Source material
◆ ◆ ◆ ◆
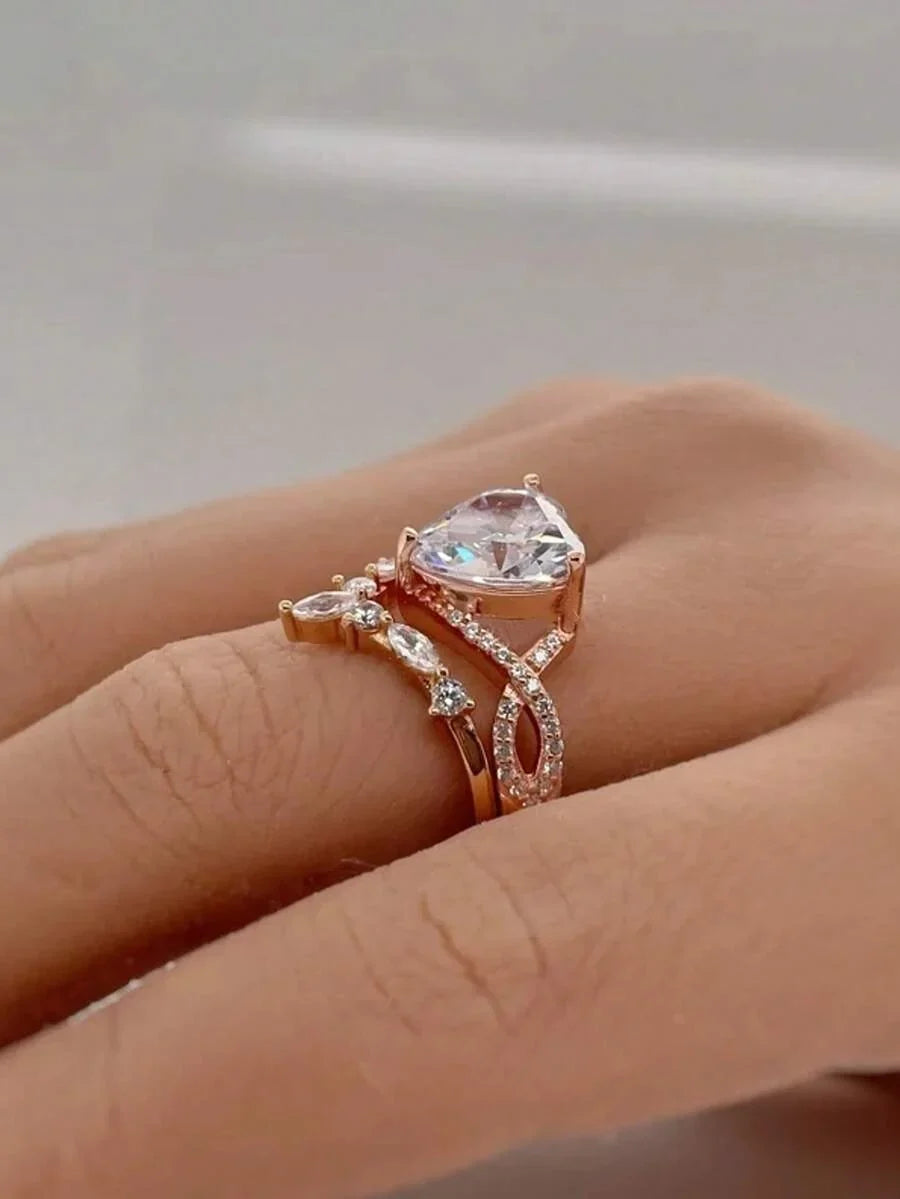 ROSALINE – Conjunto de dos anillos en oro rosa con elegancia atemporal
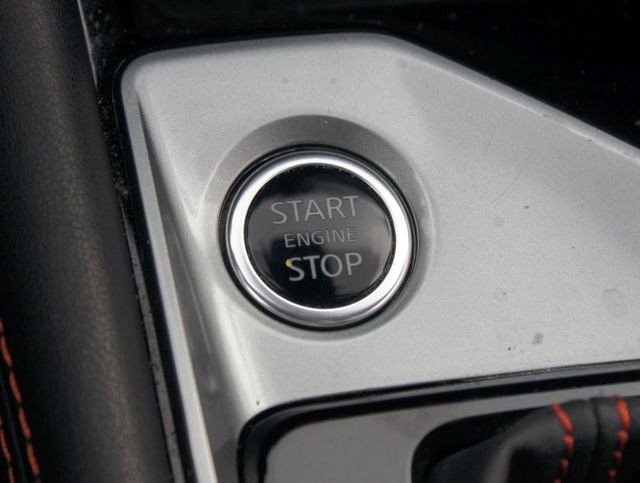 Used 2025 Nissan Altima 2.5 SR image 7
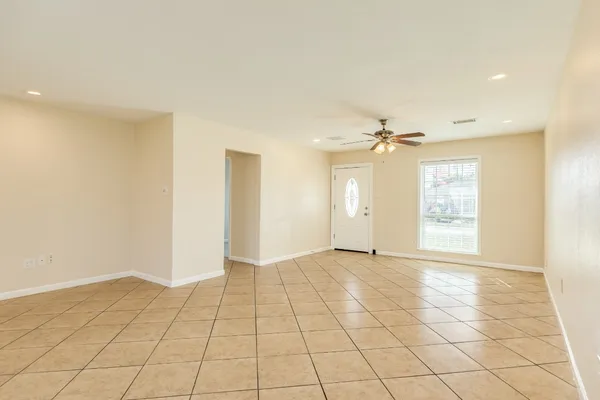 $2,400 | 3206 Pine Street, Galveston, TX 77551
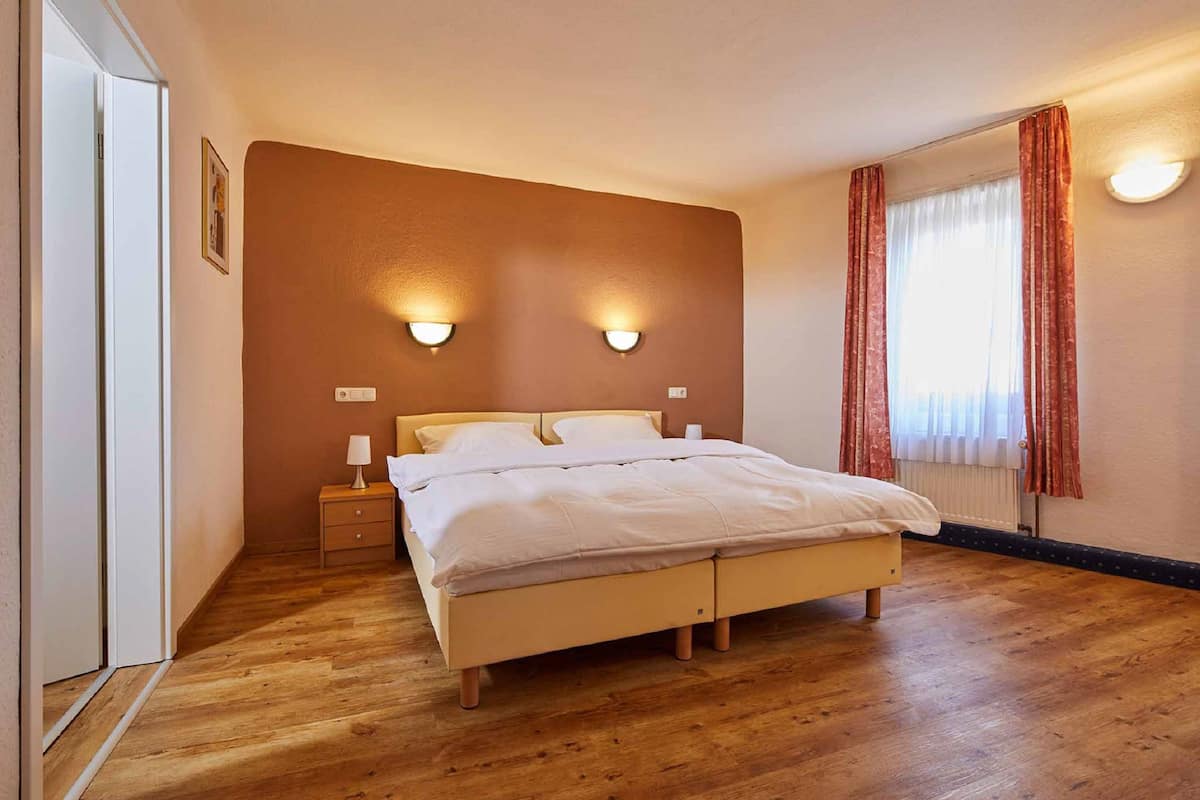 Free WiFi, bed sheets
◆ ◆ ◆ ◆
Exercise prompt
Retype, word for word, only the line holding "Galveston, TX 77551" and the lines after it through the final line of the listing above, and leave every picture out.

Output below
 $2,400 | 3206 Pine Street, Galveston, TX 77551
 Free WiFi, bed sheets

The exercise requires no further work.